8話と9話の間くらいで別府さんの誕生日会をする話
「別府君さあ、今日誕生日なんだね」
家森さんが特に表情も変えず僕に言った。
「何で分かったんですか」
「お知らせが来てたから」
スマホの通知にケーキマークと僕の名前が表示されている。
「ゴミ出し担当も冬ですけど本当に冬生まれだったんですね、別府さんの誕生日会やりましょうよ」
「私ケーキ買ってきます、何が良いですか?」
すずめちゃんと真紀さんも加わって演奏会が始まったみたいに賑やかになる。
「じゃあ、ショートケーキでお願いします」
一番最後に帰ってくるとおかえりなさいの声より先にクラッカーの破裂音と煙の匂いに包まれ、眼鏡越しには3人の笑顔があった。
「お誕生日おめでとうございます」
「ありがとうございます、でもクラッカーは人に向ける物じゃありませんよね」
「離れてるから大丈夫かなって」
絡まったテープと紙吹雪を払いながら呆れてもこの人達には暖簾に腕押しだと諦めてテーブルに着く。
「別府君甘いの飲める?」
家森さんは安物だけどね。なんて言うけれど今まで飲んだどのワインよりも美味しく感じた。
「大事な日だから奮発しちゃいました」
大粒の苺が乗ったショートケーキを切り分ける真紀さんの声は控えめながらも弾んでいる。
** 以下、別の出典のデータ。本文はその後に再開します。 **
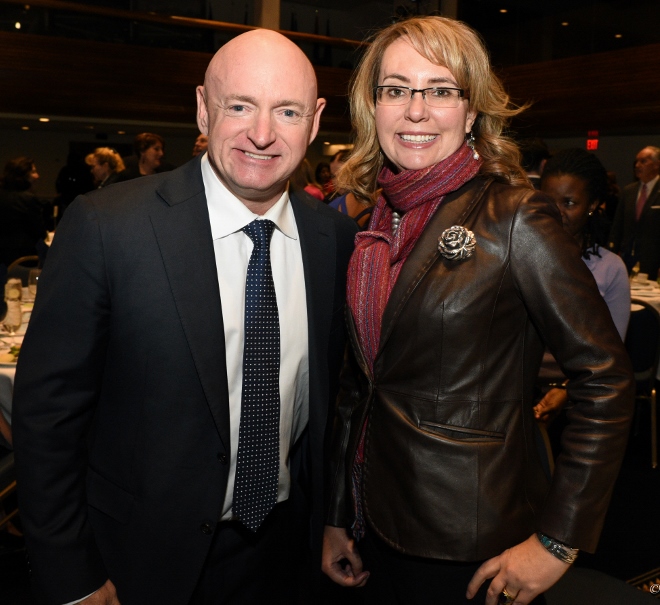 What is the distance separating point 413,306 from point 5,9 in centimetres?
966

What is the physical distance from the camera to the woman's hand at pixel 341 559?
179 centimetres

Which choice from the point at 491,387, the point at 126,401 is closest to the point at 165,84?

100均で買ったんだろう「本日の主役」の襷とカラフルな三角帽子を被って祝われる年齢ではないけれど、この3人と迎えた誕生日は幸せ以外の何物でもない。
「あ、別府さん」
「起きてたんですか」
お風呂から上がったらリビングにすずめちゃんがいた。質問に答えず冷蔵庫の奥に手を突っ込んで取り出したのはラブラブストロベリーのアイスクリーム。
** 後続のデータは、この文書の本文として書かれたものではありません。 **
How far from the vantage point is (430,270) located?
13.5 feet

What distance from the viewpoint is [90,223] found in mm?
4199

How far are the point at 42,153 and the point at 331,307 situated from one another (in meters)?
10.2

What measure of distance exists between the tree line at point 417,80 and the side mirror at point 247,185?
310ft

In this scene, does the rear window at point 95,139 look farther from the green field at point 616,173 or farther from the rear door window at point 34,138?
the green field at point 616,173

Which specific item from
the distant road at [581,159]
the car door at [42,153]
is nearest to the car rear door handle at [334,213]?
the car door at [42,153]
「誕生日プレゼントなんですけど、食べ物ばっかりになっちゃいましたね。アイスクリームも苺だし」
お団子髪を下ろしているすずめちゃんは普段の幼げな雰囲気を隠してしまう。
「味も思い出の1つとして残るし、僕はこのアイスクリーム好きですよ」
「別府さん」
間髪入れずにすずめちゃんの声が飛んできて振り向くと、底の見えない真っ直ぐな瞳が僕を離そうとしない。
「好きです、私が好きなのは別府さんです」
「どうして僕なんですか、好きなのは家森さんでしょう?」
「まだ真紀さんの事好きなんですか?振られてたじゃないですか、捨てられた女なめんなって」
突っかかる様に喋るすずめちゃんを見てカルテットを組んで間もない頃のやり取りを思い出した。
「……あの時起きてたんですか」
「別府さんが真紀さんの事で悩んでいると寂しくなるんです、皆の笑った顔が好きだから」
本当に人生はまさかの連続だ。すずめちゃんが恋愛感情を持っていたのは家森さんじゃなくて僕。すずめちゃんからキスもされたけど、あの時はそんな気は全く無かった。
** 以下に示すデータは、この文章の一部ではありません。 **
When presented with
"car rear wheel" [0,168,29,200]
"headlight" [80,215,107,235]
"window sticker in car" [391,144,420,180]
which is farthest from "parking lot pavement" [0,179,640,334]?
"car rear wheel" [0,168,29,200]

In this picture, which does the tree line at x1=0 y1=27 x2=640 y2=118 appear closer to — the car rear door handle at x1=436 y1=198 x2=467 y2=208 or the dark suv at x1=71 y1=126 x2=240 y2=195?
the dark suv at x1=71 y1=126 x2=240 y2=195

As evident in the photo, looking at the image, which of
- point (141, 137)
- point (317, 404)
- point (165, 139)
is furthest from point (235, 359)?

実は夫さんの一件が落ち着いてからもう1度想いを伝えている。ありがとうございます、ただそれだけだった。
今日死んでもいいくらいに幸せなんです。物騒な言葉を口にしながらも穏やかな表情に息を呑む。僕がやるべきなのは真紀さんの幸せを皆で共有して、守っていく事なのかもしれない。誰もいないノクターンのステージで彼女が弾くメヌエットを聴きながらそう心に決めた。
「僕もすずめちゃんには笑っていて欲しいです、それと僕の片思いはもう終わりました」
「そうですか、おめでとうございます」
感情が読み取れない目で笑いながらすずめちゃんは立ち上がる。
「もう真紀さんの音を楽譜通りに辿るのは止めたんです」
咄嗟に出てきた言葉にあれ?と思ってしまった。普通なら順序は逆なんだろうけどすずめちゃんには伝わったみたいだ。
「私にもまだ別府さんとワイファイ繋ぐチャンスがあるって事ですか」
「まあ、そんなところです。すずめちゃんも食べますか?」
ぎこちなくスプーンを受け取ってアイスを掬うと小さな一口でどんどん食べ進めていく。
「このスプーン別府さんのでしたね」
「ワイファイ繋がりましたね」
初めてのキスはレモン味ではないけれど不完全な僕達にはこれがちょうどいいのかもしれない。